■ EXERCISE OBJECTIVE ■
Give again, word for word, every line in the entries below from the line with "We can double-check" up to and including the line with "Welcome back, this", and no other line.

*** DATASET CONTENT ***

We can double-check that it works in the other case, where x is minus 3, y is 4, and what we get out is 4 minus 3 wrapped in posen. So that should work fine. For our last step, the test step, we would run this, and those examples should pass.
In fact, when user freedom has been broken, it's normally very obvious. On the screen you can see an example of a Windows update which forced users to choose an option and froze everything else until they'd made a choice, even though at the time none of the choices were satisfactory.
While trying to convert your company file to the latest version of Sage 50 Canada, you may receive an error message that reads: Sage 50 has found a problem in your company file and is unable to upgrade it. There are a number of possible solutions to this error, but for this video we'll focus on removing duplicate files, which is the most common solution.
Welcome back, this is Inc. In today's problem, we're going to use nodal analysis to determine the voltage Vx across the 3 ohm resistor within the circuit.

*** End of DATASET CONTENT ***
*** DATASET CONTENT ***

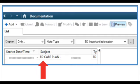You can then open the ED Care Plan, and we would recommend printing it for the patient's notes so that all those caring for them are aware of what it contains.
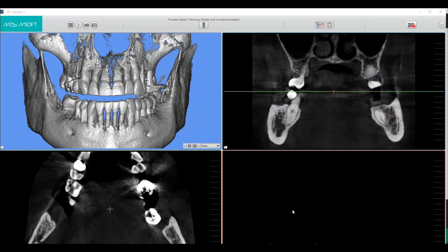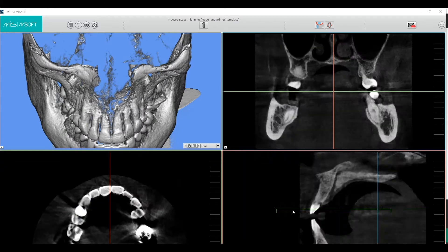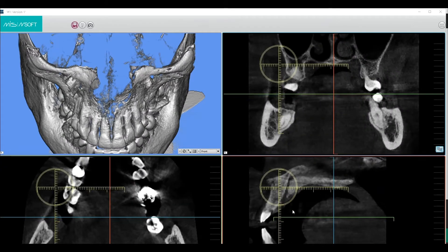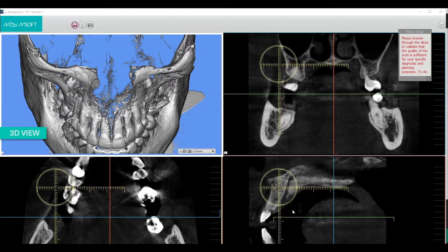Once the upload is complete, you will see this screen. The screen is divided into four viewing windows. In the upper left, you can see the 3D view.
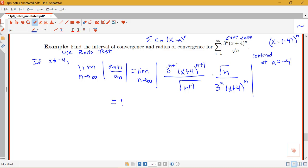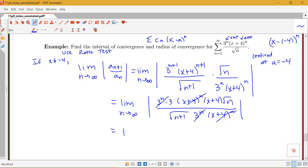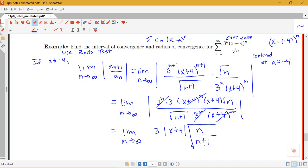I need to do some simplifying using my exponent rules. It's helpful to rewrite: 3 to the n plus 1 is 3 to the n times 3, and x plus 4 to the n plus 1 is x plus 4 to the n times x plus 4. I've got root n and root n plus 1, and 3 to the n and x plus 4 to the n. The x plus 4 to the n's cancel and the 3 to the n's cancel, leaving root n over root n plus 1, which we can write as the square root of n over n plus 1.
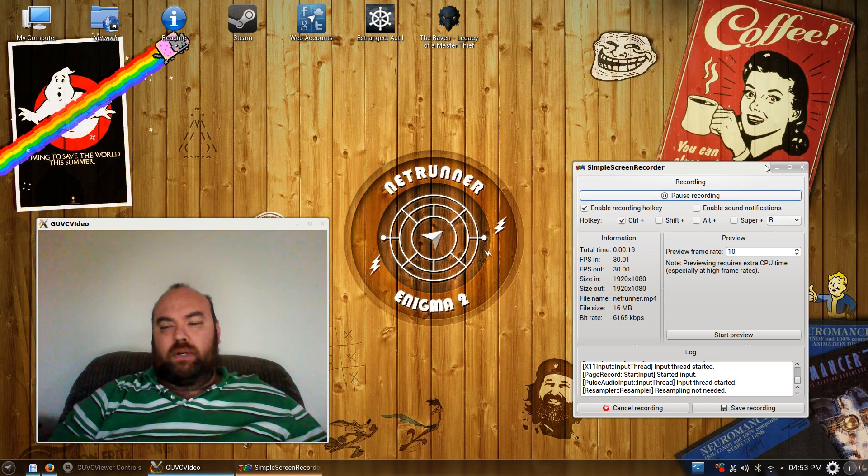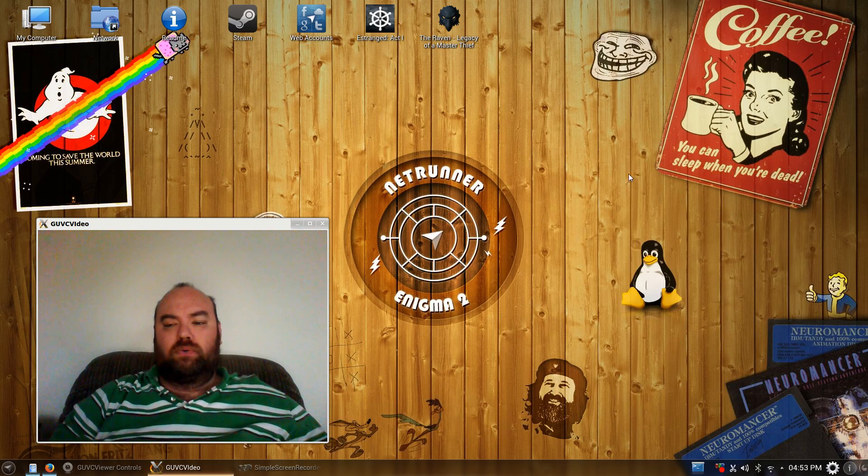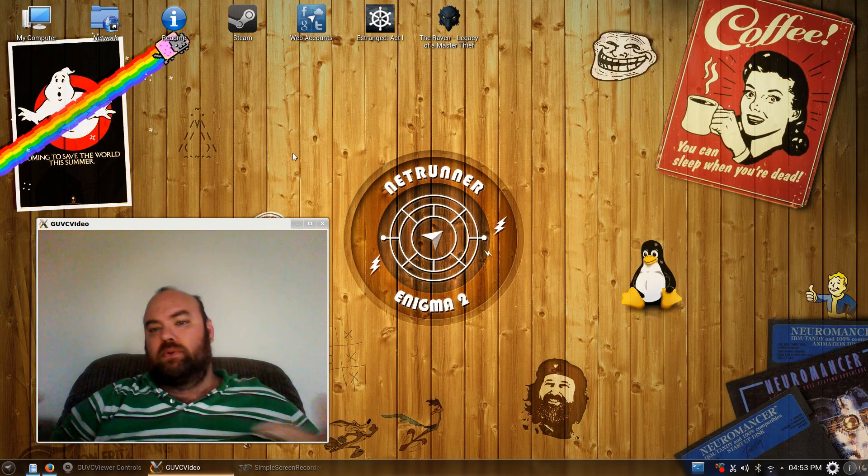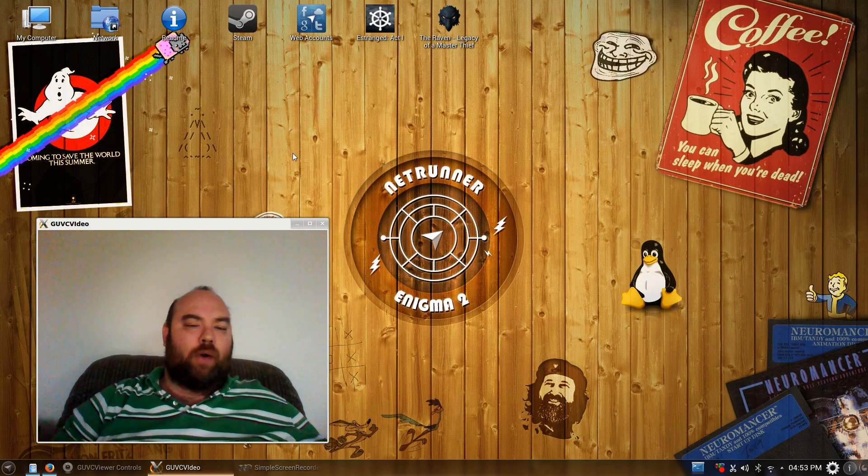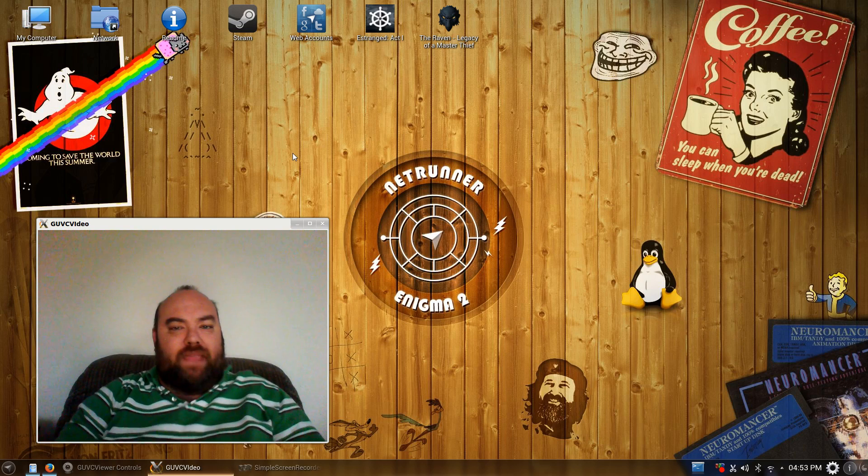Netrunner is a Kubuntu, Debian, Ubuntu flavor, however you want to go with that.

*** End of DATASET CONTENT ***
*** DATASET CONTENT ***

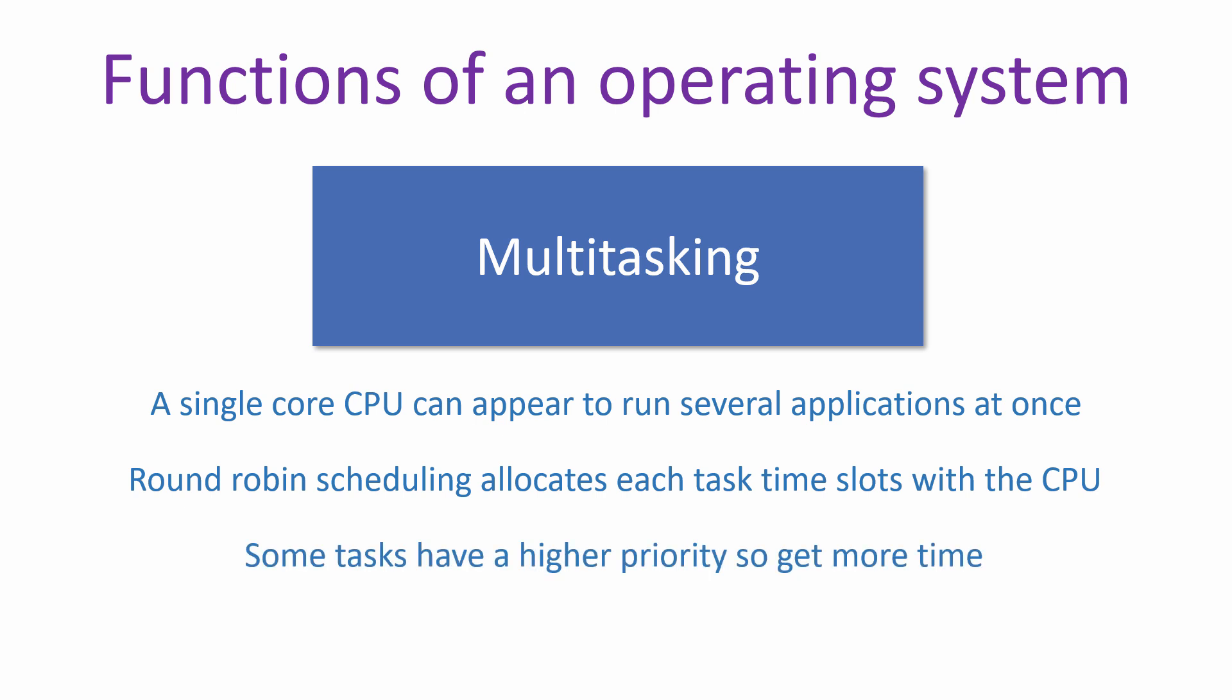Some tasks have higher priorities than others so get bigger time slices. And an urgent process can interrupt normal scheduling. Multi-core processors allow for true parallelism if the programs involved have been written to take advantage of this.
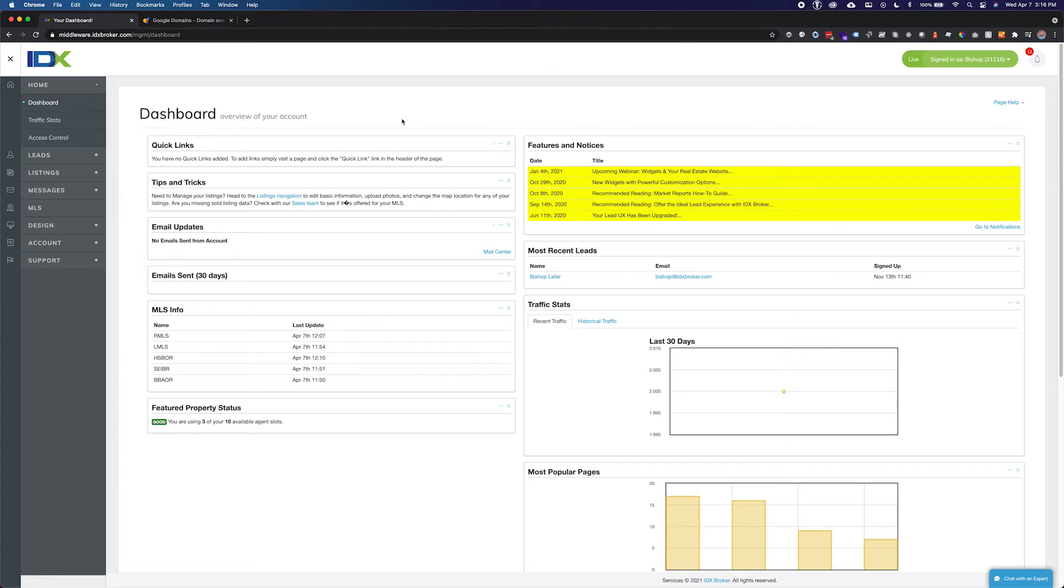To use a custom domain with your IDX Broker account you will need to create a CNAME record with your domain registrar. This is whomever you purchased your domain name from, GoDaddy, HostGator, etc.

*** End of DATASET CONTENT ***

■ ANSWER FOR THE TASK ■
We can double-check that it works in the other case, where x is minus 3, y is 4, and what we get out is 4 minus 3 wrapped in posen. So that should work fine. For our last step, the test step, we would run this, and those examples should pass.
In fact, when user freedom has been broken, it's normally very obvious. On the screen you can see an example of a Windows update which forced users to choose an option and froze everything else until they'd made a choice, even though at the time none of the choices were satisfactory.
While trying to convert your company file to the latest version of Sage 50 Canada, you may receive an error message that reads: Sage 50 has found a problem in your company file and is unable to upgrade it. There are a number of possible solutions to this error, but for this video we'll focus on removing duplicate files, which is the most common solution.
Welcome back, this is Inc. In today's problem, we're going to use nodal analysis to determine the voltage Vx across the 3 ohm resistor within the circuit.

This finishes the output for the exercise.